Osiągnięcia Agnieszka91

  1. Myślę, że powinnaś iść z tym do specjalisty. On Ci doradzi. A na noc nie możesz przyjmowac czegoś innego- np. hydroksyzyny? Ja brałam lorafen w dzień, kiedy musiałam trzeźwo mysleć, a na noc jak już to hydroksyzynę. Chyba, że się od niego uzależniłaś- wtedy tym bardziej lekarz Ci powie jak stopniowo zmniejszac dawki.
  2. haha śmiech na sali. Naczytałam się już trochę o paroksetynie więc również uważam że są to objawy odstawienne. Z resztą znam swój organizm i nie zachowuje sie on typowo. Leki już mam, wczoraj wieczorem je wzięłam. Mam nadzieję, ze wróce do normy :) Tak, biorę 50 mg. Wiem, że to spora dawka, ale tak wyszło. Zależało mi przede wszystkim na czasie, na dość szybkim powrocie do zdrowia. Powoli zwiększałam dawki- jeżeli po 2 tygodniach nie było lepiej- oczywiście cały czas w porozumieniu z psychiatra. Lęki pojawiły się na studiach. Miałam bardzo stresującą sytuację i to chyba była kropla która przelała czarę. Nie mogłam normalnie funkcjonować, ale przede wszystkim nie mogłam się uczyć. Studiuję trudny kierunek, ale zawsze to lubiłam. Codziennie miałam takie napady lęku, taką czarną rozpacz, że w ogóle nie mogłam sie skupic na nauce, a to oznaczało albo powtarzanie roku albo dziekanka, a nie chciałam tego, bo wiedziałam że to pogorszy mój stan psychiczny. Przy pomocy lorafenu stosowanego doraźnie (świetny lek, ale oczywiście niebezpieczny na dłuższą metę) i parogenu wyszłam na prostą. W tym samym czasie zaczęłam psychoterapię i teraz jest już naprawdę dobrze. Za jakiś czas bym chciała wychodzić z leków- ile można :) Dzięki za odpowiedzi :)
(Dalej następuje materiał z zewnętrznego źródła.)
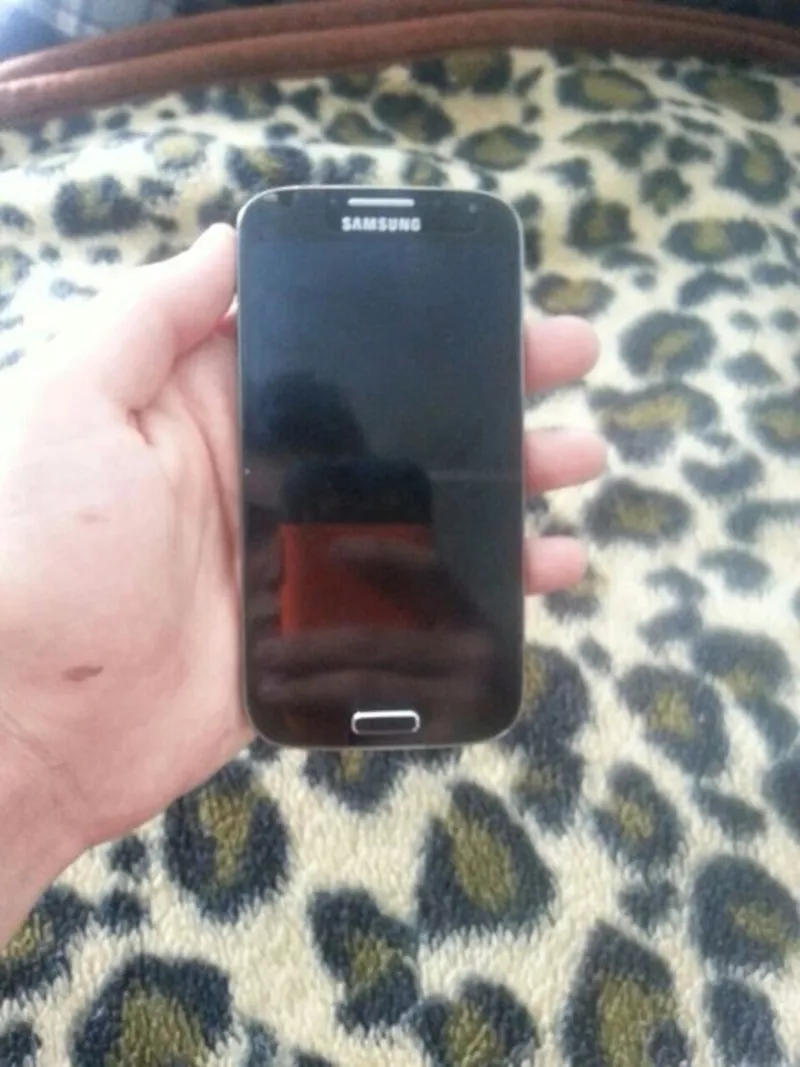 Срочно продам Samsung Galaxy S4 в идеальном состояние!!! 3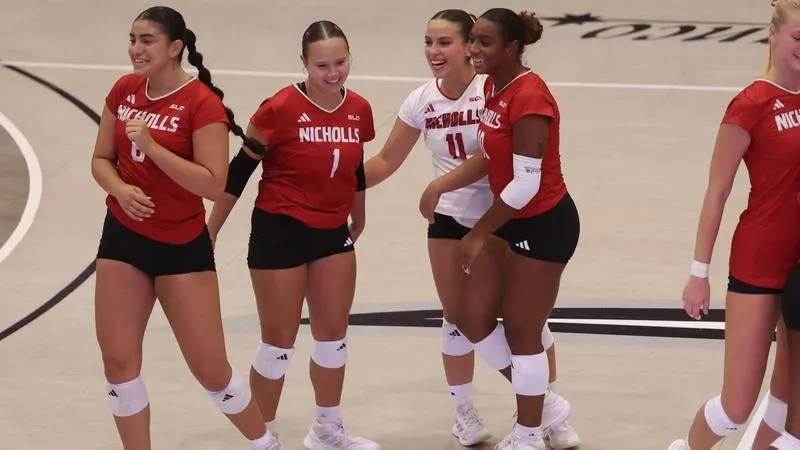 Colonels Split Matches Against Stonehill and Oral Roberts on Opening Day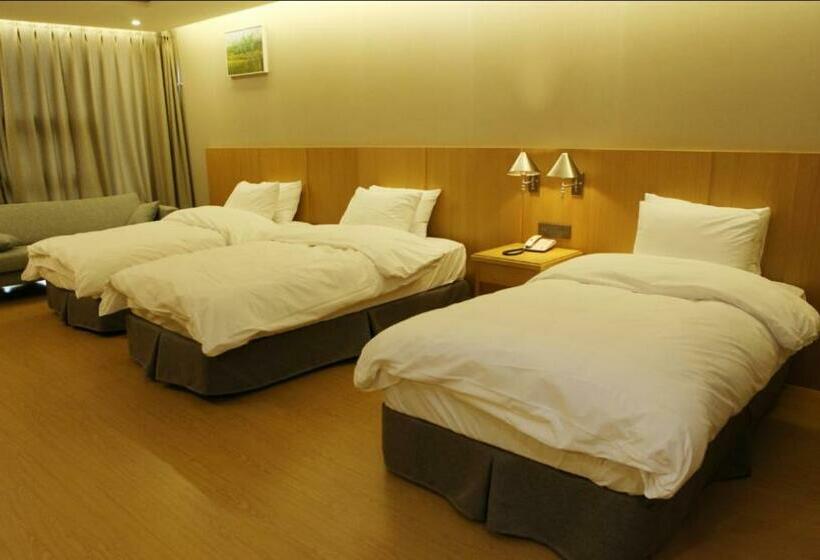 Номер Стандарт Трехместный, J Square Hotel And Wedding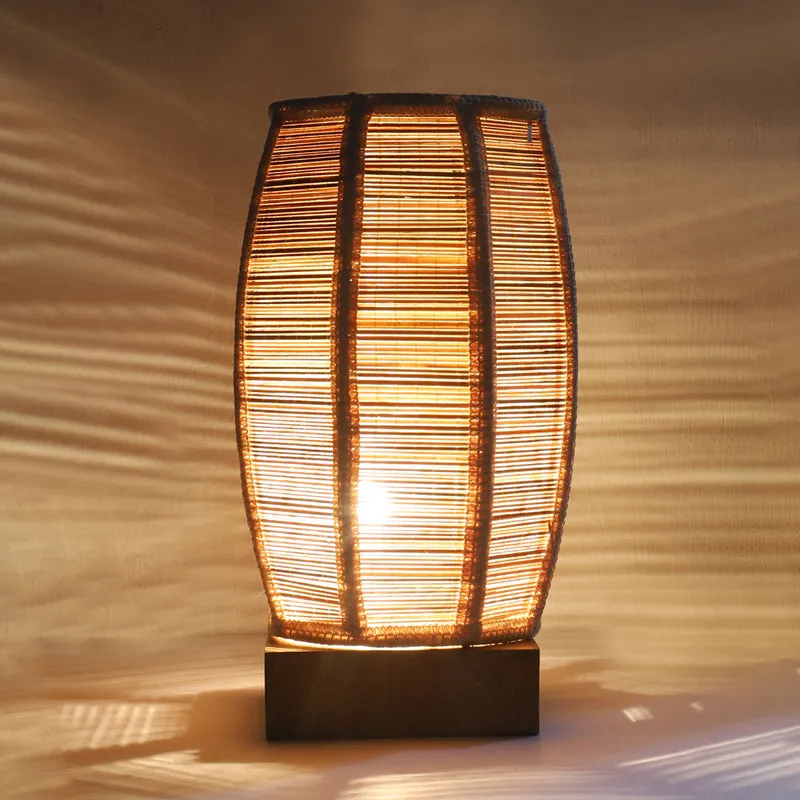 Wovara Edge Bamboo Table Lamp - Beige media 5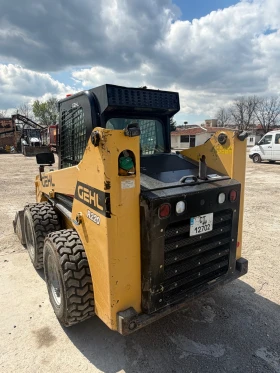 Мини челни товарачи GEHL R220, снимка 6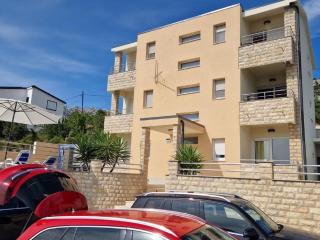 Luna Maris App1 with swimming pool and sea view - Starigrad-Paklenica - 2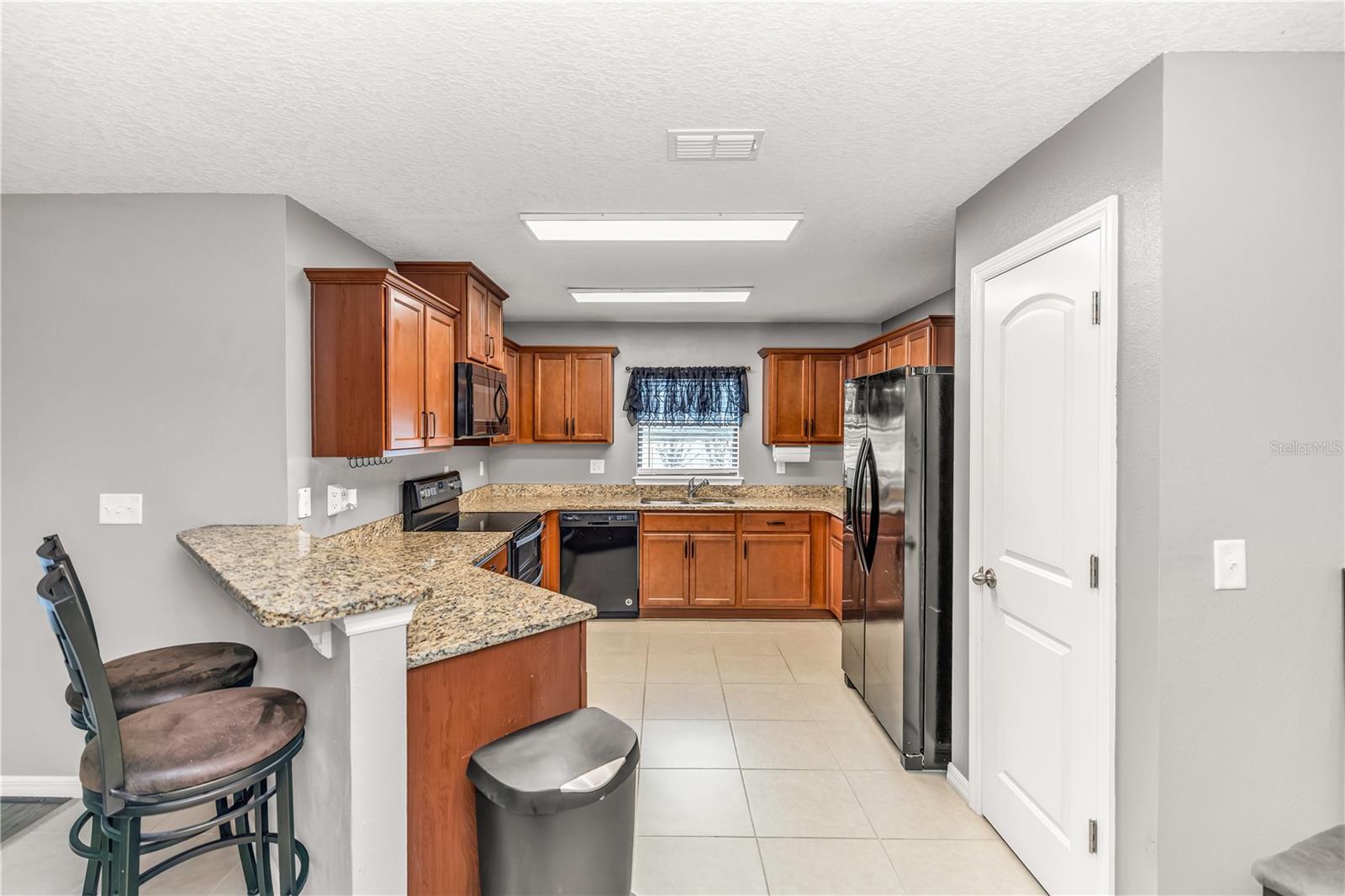 Image 6 of 40 For 4510 Barbuda Drive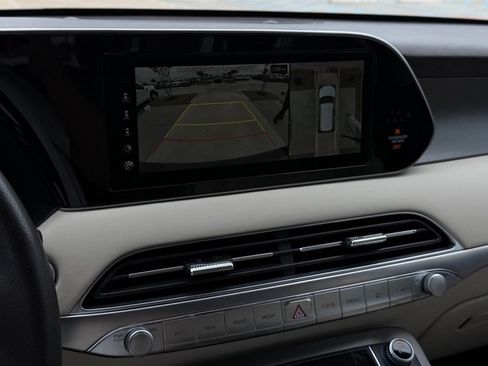 Used 2020 Hyundai Palisade Limited FWD image 7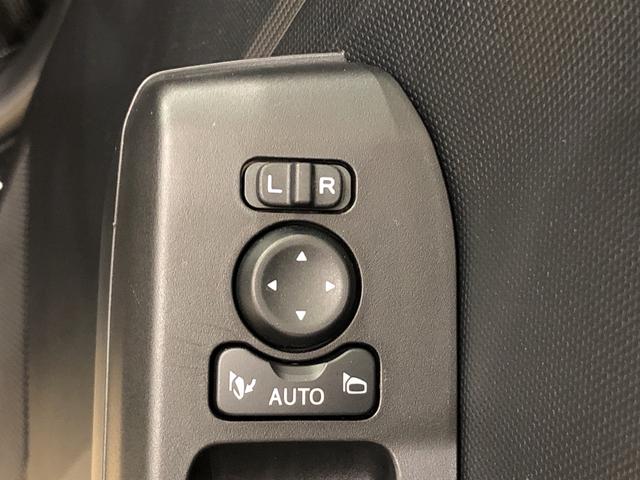 Gターボ バックカメラ セキュリティアラーム スカイフィールトップ LEDヘッドランプ LEDフォグランプ 運転席/助手席シートヒーター プッシュボタンスタート キーフリーシステム 電動パーキングブレーキ バックカメラ 15インチアルミホイール(23枚目)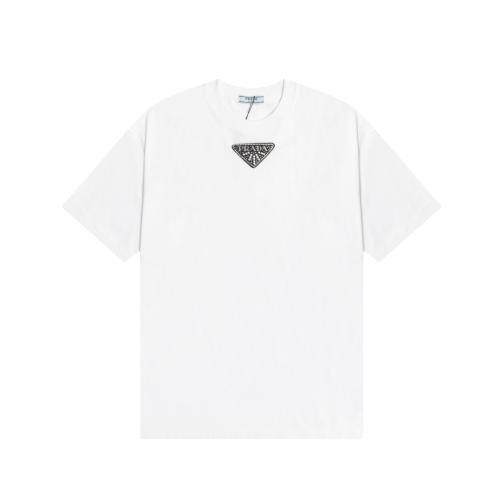 Prada 22SS spring and summer triangle drilling label short sleeves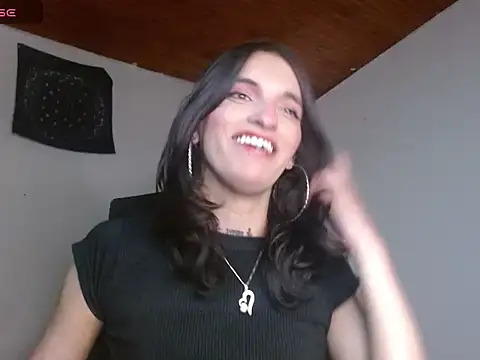 Snapshot of Scarlett_crastrawberry chatting on 05/29/26, 01:36 Scarlett crastrawberry online show from 05/29/26, 01:36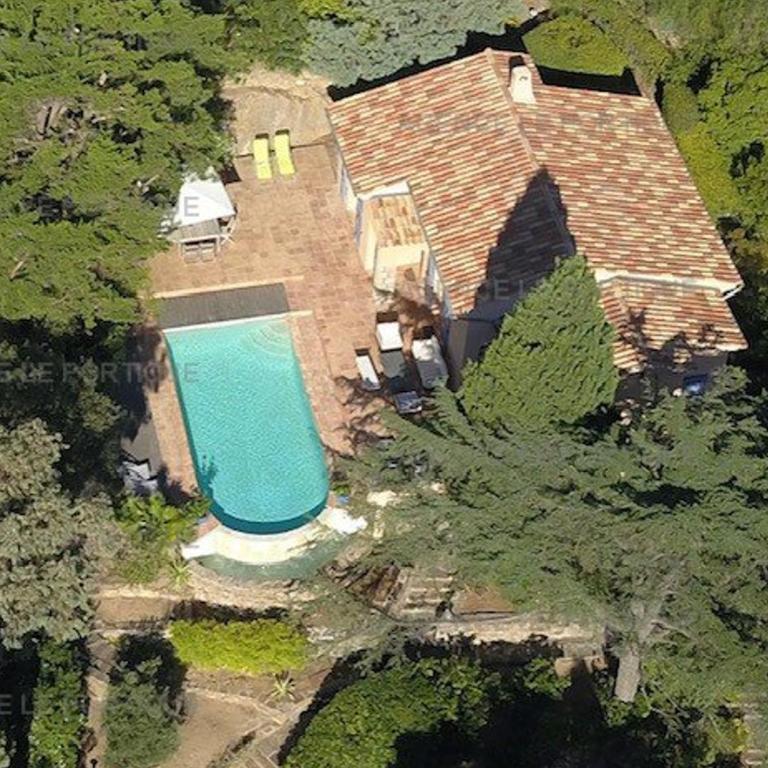 Le Lavandou : Villa 4 chambres, piscine privée et climatisation - FR-1-803-76 - Villa - 1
  3. Witam, jestem nowa na forum. Od grudnia biorę parogen, miałam nerwicę lękową spowodowaną dużym stresem. Lek znosiłam bardzo dobrze, myślę, że mi bardzo pomógł ale w tym samym czasie mniej więcej zaczęłam też psychoterapię (bo to już 3 incydent nerwicy/depresji w moim zyciu), więc nie wiem co bardziej pomogło :) Wszystko wróciło do normy i myślałam już o zejściu z tabletek, ale oczywiście po konsultacji z lekarzem. I tu zaczął się mój problem. Skończyły mi się tabletki i nie miałam możliwości spotkać się szybko z lekarką ani w inny sposób zdobyć lek, więc przestałam brać całkowicie. Po kilku dniach nie zażywania tabletek zaczęłam się gorzej czuć, najpierw to był tylko spadek energii (ale to mnie nie zaniepokoiło), a później (po 4-5 dniach) zaczęłam mieć nudności i stałam się płaczliwa. Od paru dni ciągle mnie mdli, nasilało się to przede wszystkim w pracy (pracowałam trochę fizycznie na okres wakacji). W pierwszy dzień moich nudności zwracałam wieczorem. zadzwoniłam do mojej psychiatry, to stwierdziła że prędzej się czymś zatrułam albo to grypa żołądkowa, bo objawy zazwyczaj przechodzą po 2-3 dniach, a nie nasilają się po 5 dniach. Ale nadal czuje się niedobrze, płaczę częściej. Czytałam, że parogen (paroksetyna) jest trudny do odstawienia, a ja przestałam nagle- brałam 50 mg. Co o tym sądzicie? Czy ktoś miał podobnie? Byłabym wdzięczna za odpowiedź.